◆ **Task objective**
What the response needs is every record, repeated verbatim, and no images.

◆ **Dataset content**
################
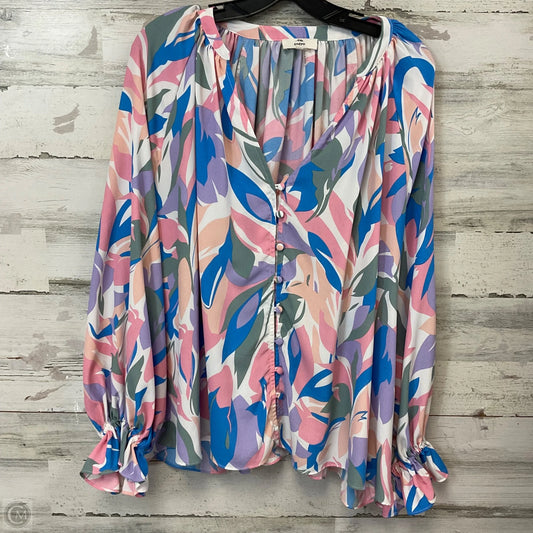 Blouse Long Sleeve By Entro In Blue, Size: L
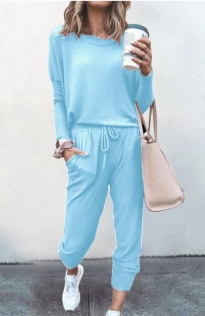 Loose solid sky blue color long-sleeved casual suit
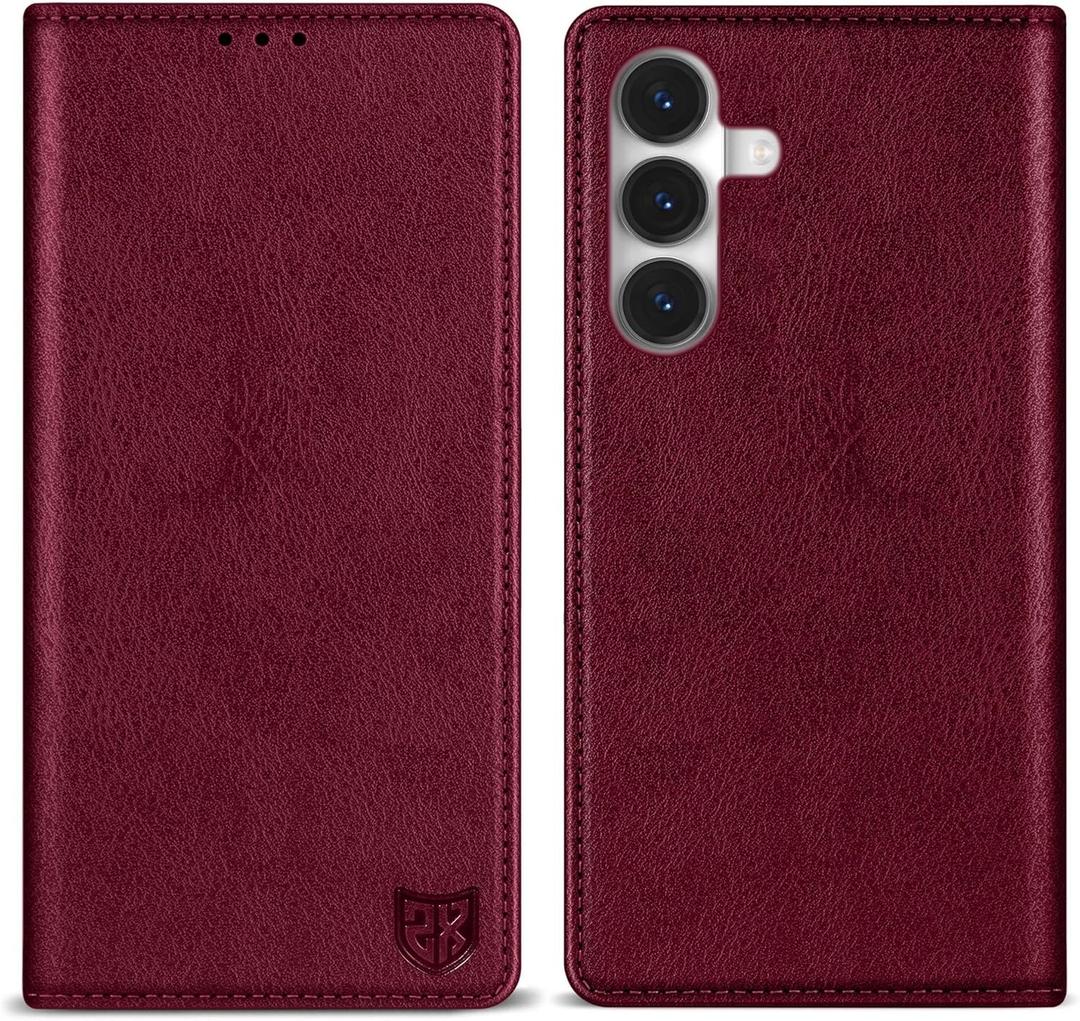 ZZXX for Samsung Galaxy S26 Wallet Case with [RFID Blocking] Card Slot Stand Strong Magnetic PU Leather Flip Fold Protective Phone Case for Samsung Galaxy S26 Case Wallet(Wine Red-6.2 inch)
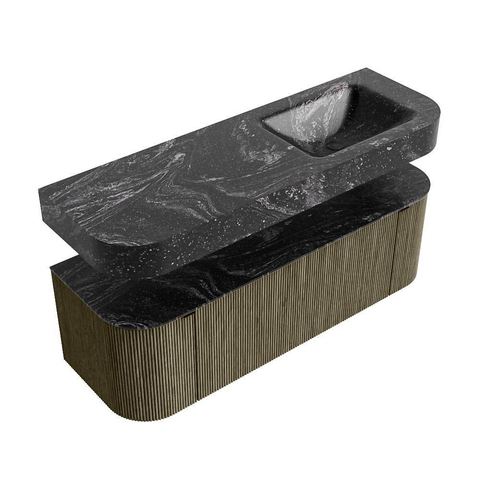 MONDIAZ THOR-DLUX 140cm meuble de salle de bains arrondi gauche + droite couleur Shadow avec 1 tiroir et 2 portes. Vasque suspendue CLOUD droite sans trou de robinet couleur Lava. SW1464146
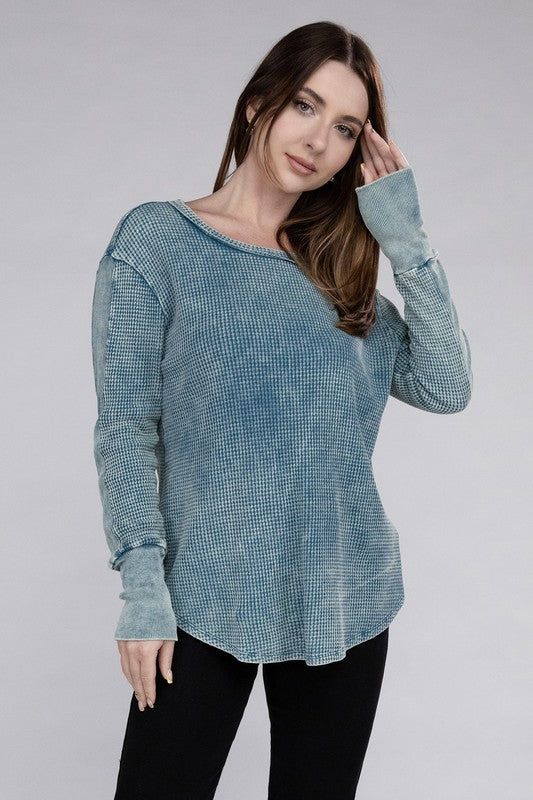 Washed Baby Waffle Long Sleeve Top (Teal)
################
◆ **Solution to this problem**
 Blouse Long Sleeve By Entro In Blue, Size: L
 Loose solid sky blue color long-sleeved casual suit
 ZZXX for Samsung Galaxy S26 Wallet Case with [RFID Blocking] Card Slot Stand Strong Magnetic PU Leather Flip Fold Protective Phone Case for Samsung Galaxy S26 Case Wallet(Wine Red-6.2 inch)
 MONDIAZ THOR-DLUX 140cm meuble de salle de bains arrondi gauche + droite couleur Shadow avec 1 tiroir et 2 portes. Vasque suspendue CLOUD droite sans trou de robinet couleur Lava. SW1464146
 Washed Baby Waffle Long Sleeve Top (Teal)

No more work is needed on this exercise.